---- DATA EXTRACT
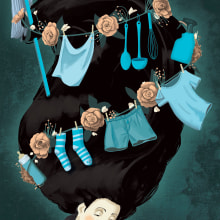 No solo es de mujeres. Traditional illustration project by Angela Salinero - 03.05.2020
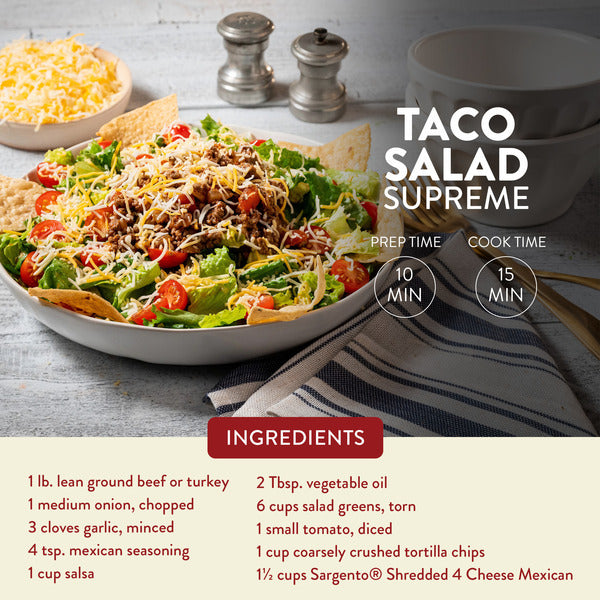 Sargento Off The Block 4 Cheese Mexican Fine Cut Shredded Cheese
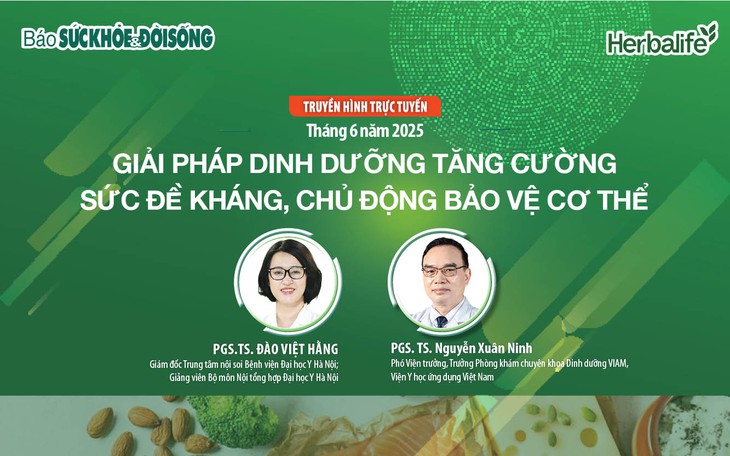 Truyền hình trực tuyến: Giải pháp dinh dưỡng tăng cường sức đề kháng, chủ động bảo vệ cơ thể- Ảnh 1. Truyền hình trực tuyến: Giải pháp dinh dưỡng tăng cường sức đề kháng, chủ động bảo vệ cơ thể- Ảnh 1.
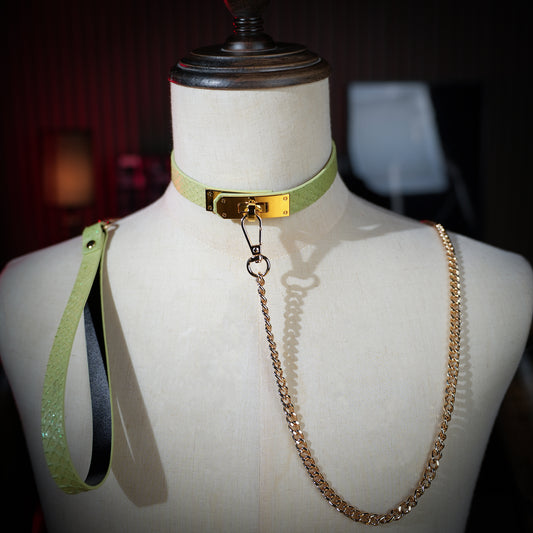 Alceis Green Lockable Collar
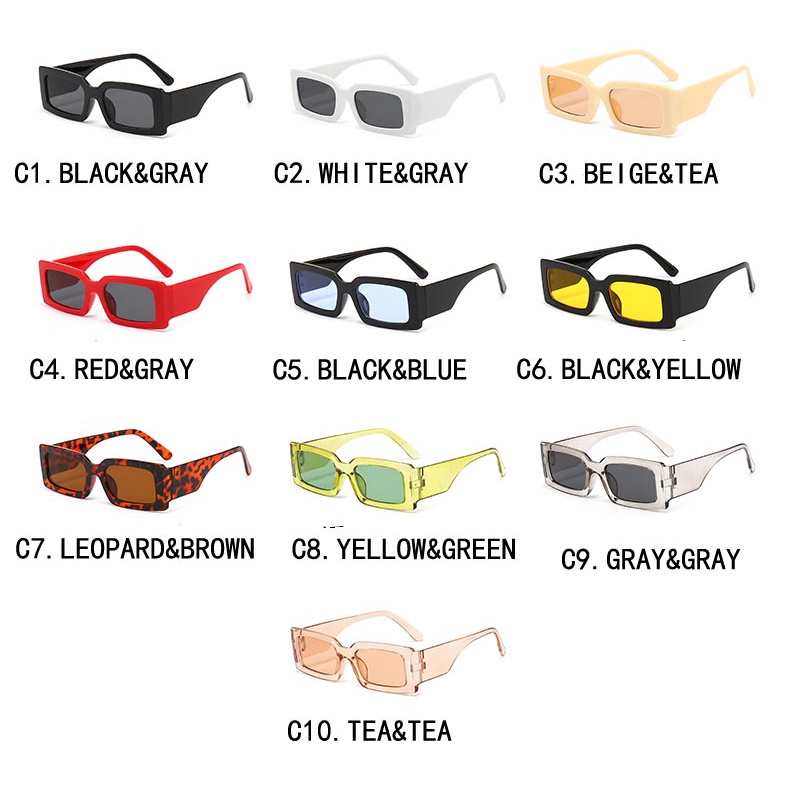 Korean Candy Color Fashion Wanita Frame Retro Fashion Kacamata Pria Wanita Vintage Warna-Warni Tebal Frame Kacamata Kaca Mata Perlindungan UV
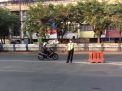 Polsek Pabean Cantikan Atur Lalu Lintas Pagi di Jalan Stasiun Kota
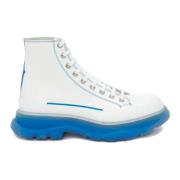 Alexander McQueen Tread Slick Canvas Sneakers White, Dam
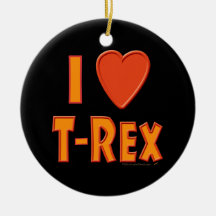 Jag älskar älskare för den T-Rex TyrannosaurusRex  Julgranskula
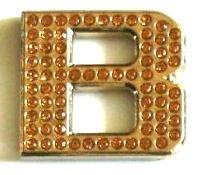 Crystal Chrome Letters GOLD - B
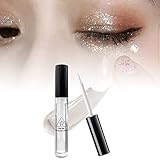 Flüssiger Lidschatten, Flüssiger Glitzer, Flüssiger Lidschatten Glitzer, Flüssiger Lidschatten Silber, Flüssiger Glitter Lidschatten, für Partyhochzeitsfest Tägliches Liquid Lidschatten, 01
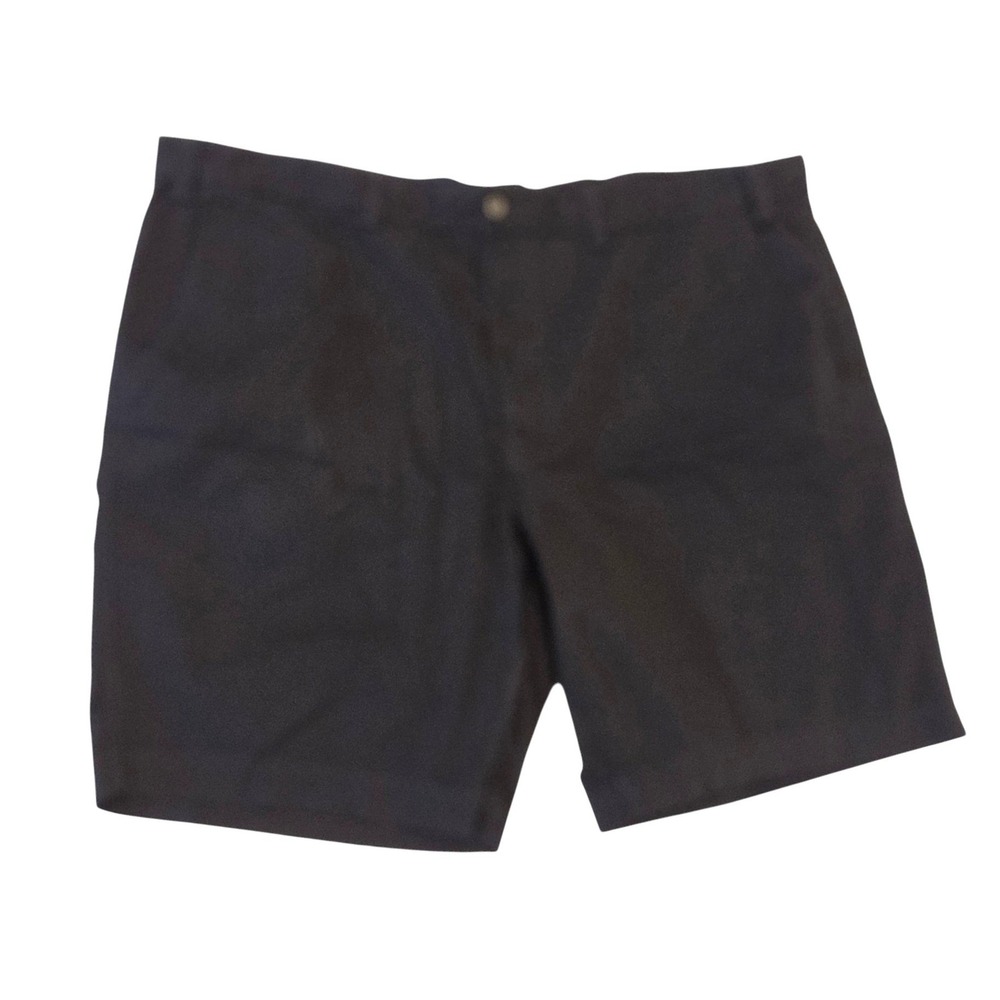 St Johns Bay Mens Chino Shorts Black Comfort Stretch Flat Front 50 Big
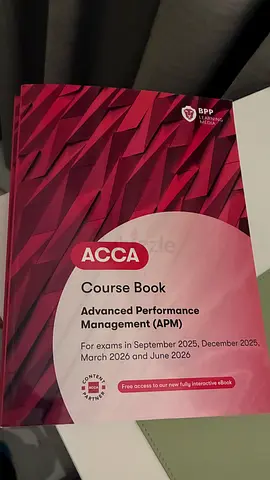 ACCA APM Course Book (BPP) – Brand New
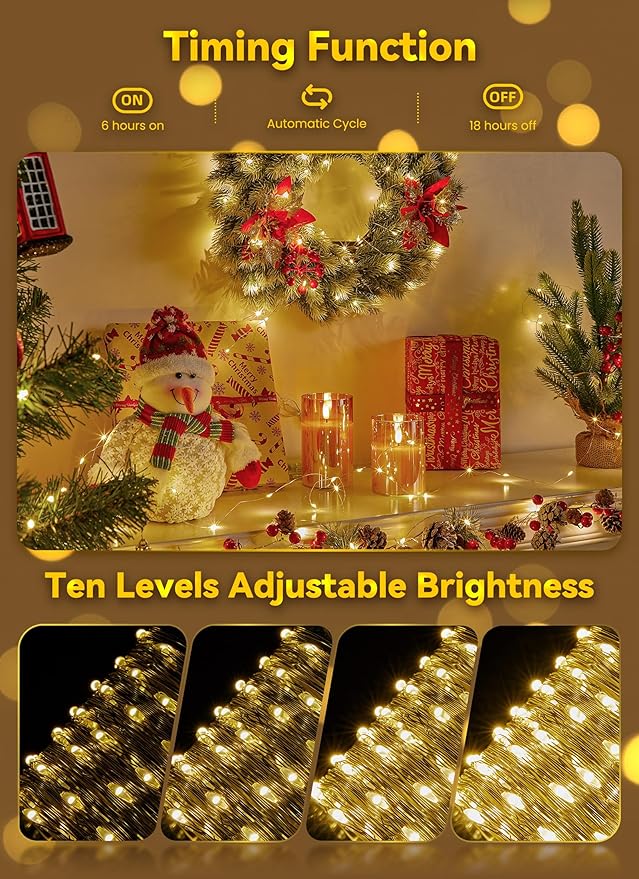 Minetom Fairy Lights Battery Operated - Image 4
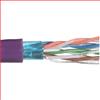 超5类, PVC,带有箔屏蔽, 4对绞合,26AWG,1,000 ft/305m 线轴包装包装,紫色的图片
--------
- TASK PROMPT
Give the records again exactly, minus the pictures.

- SOLVED EXERCISE
 No solo es de mujeres. Traditional illustration project by Angela Salinero - 03.05.2020
 Sargento Off The Block 4 Cheese Mexican Fine Cut Shredded Cheese
 Truyền hình trực tuyến: Giải pháp dinh dưỡng tăng cường sức đề kháng, chủ động bảo vệ cơ thể- Ảnh 1. Truyền hình trực tuyến: Giải pháp dinh dưỡng tăng cường sức đề kháng, chủ động bảo vệ cơ thể- Ảnh 1.
 Alceis Green Lockable Collar
 Korean Candy Color Fashion Wanita Frame Retro Fashion Kacamata Pria Wanita Vintage Warna-Warni Tebal Frame Kacamata Kaca Mata Perlindungan UV
 Polsek Pabean Cantikan Atur Lalu Lintas Pagi di Jalan Stasiun Kota
 Alexander McQueen Tread Slick Canvas Sneakers White, Dam
 Jag älskar älskare för den T-Rex TyrannosaurusRex  Julgranskula
 Crystal Chrome Letters GOLD - B
 Flüssiger Lidschatten, Flüssiger Glitzer, Flüssiger Lidschatten Glitzer, Flüssiger Lidschatten Silber, Flüssiger Glitter Lidschatten, für Partyhochzeitsfest Tägliches Liquid Lidschatten, 01
 St Johns Bay Mens Chino Shorts Black Comfort Stretch Flat Front 50 Big
 ACCA APM Course Book (BPP) – Brand New
 Minetom Fairy Lights Battery Operated - Image 4
 超5类, PVC,带有箔屏蔽, 4对绞合,26AWG,1,000 ft/305m 线轴包装包装,紫色的图片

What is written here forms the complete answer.